*Work to be completed:*
With the images excluded, set down every line of the listing below exactly.

--- Raw data ---

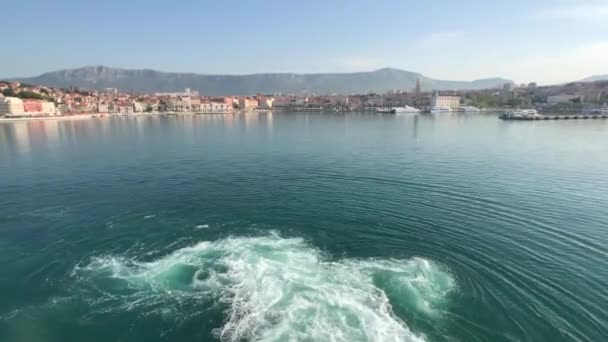Verlassen Des Hafens Von Split Kroatien — Stockvideo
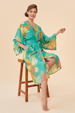 Powder Hummingbird Kimono Gown in Aqua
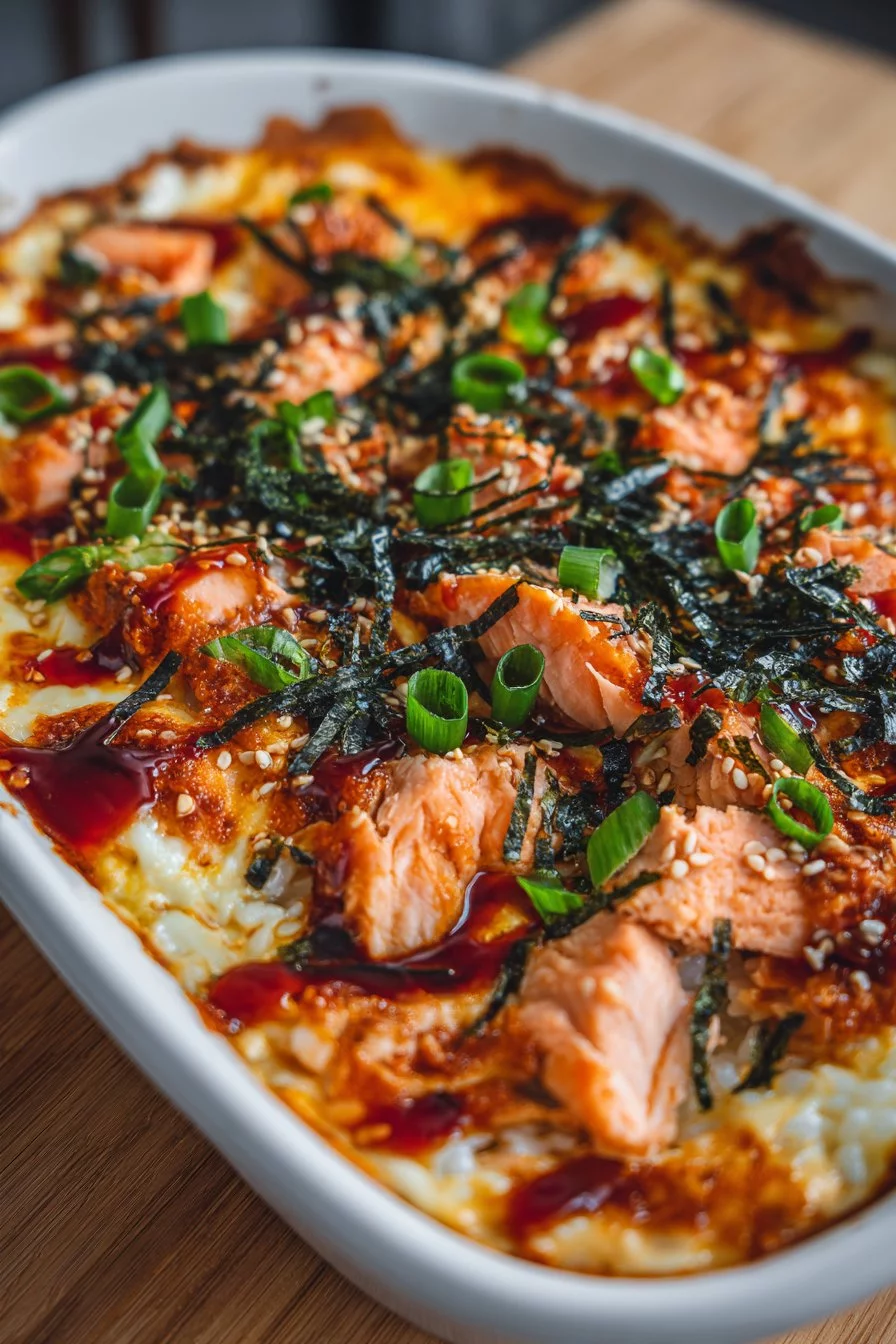Spicy Salmon Sushi Bake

---

*Result:*
Verlassen Des Hafens Von Split Kroatien — Stockvideo
 Powder Hummingbird Kimono Gown in Aqua
Spicy Salmon Sushi Bake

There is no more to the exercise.